Love. And love and mourning and emptiness and faithfulness drive us to the tomb with our myrrh. Not to expect a miracle, but to witness to a grieving world. To simply be there, in the dark. Thomas Merton, another prophet and master of prayer, describes what happens at this place of darkness: “Love gives an experience, a taste of what we have not seen and are not yet able to see. Faith gives us a full title to this treasure which is ours to possess in the darkness. Love enters the darkness and lays hands upon what is its own!”
What is prayer but this entry into darkness and waiting and sense of loss? And while love impels us toward the dark to begin with, Love meets us there. Maybe not in the brief iconic moment of Mary’s Easter morning, but over the oceans and abysses and mountains and deserts of our life through time. Faithful to the unknown and unknowable, Love not only transfigures the lover, but calls her by name: Mary! “I will give you the treasures of darkness and the hoards in secret places that you may know it is I, the Lord, the God of Israel, who call you by your name” (Isa. 45:3). She recognizes her beloved in the speaking of her name. And she can respond: Rabboni!

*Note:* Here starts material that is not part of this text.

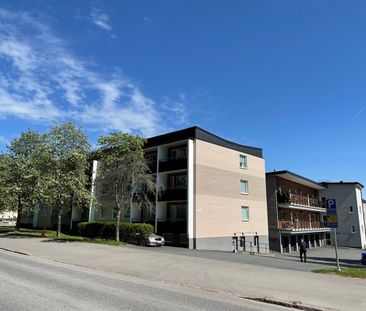 Limkokaregatan 4 G - Photo 1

But in this world you cannot cling to love. You cannot hold or hoard it. In a suffering world, there is no time to linger in the sacred moment. Instead, every love must transfigure into ever-widening circles of compassion. This love must go out to the ends of the earth with the message of hope. “What I tell you in the dark, utter in the light; and what you hear whispered, proclaim upon the housetops” (Matt. 10:27).

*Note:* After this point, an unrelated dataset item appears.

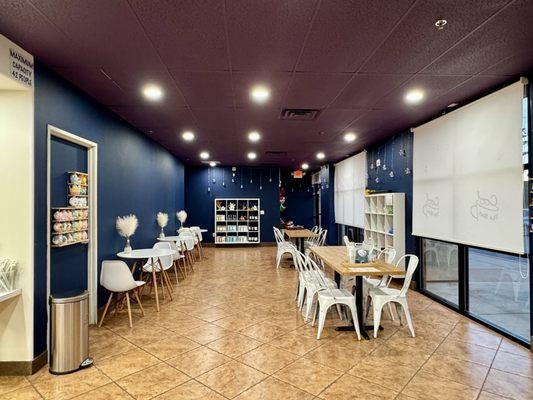 04.11.25 seating area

The Sforza Hours, a 15th-century image by Giovan Pietro Birago, shows Mary Magdalene ascending into heaven. Clad only in her own hair, illustrating her complete dependence upon God, she leaves behind scenes in which she preached the gospel message of hope. As she is borne aloft by four handsome angels, below her are the oceans, abysses, deserts and mountains where she witnessed to the sacred moment of her encounter with the risen Lord. In the foreground is a rocky path inviting you and me into the rugged landscape.
Saint Mary Magdalene,
You came with springing tears
To the spring of mercy, Christ . . .
How can I find words to tell
About the burning love with which you sought Him
Weeping at the sepulcher
And wept for Him in your seeking? . . .
For the sweetness of love He shows Himself
Who would not for the bitterness of tears.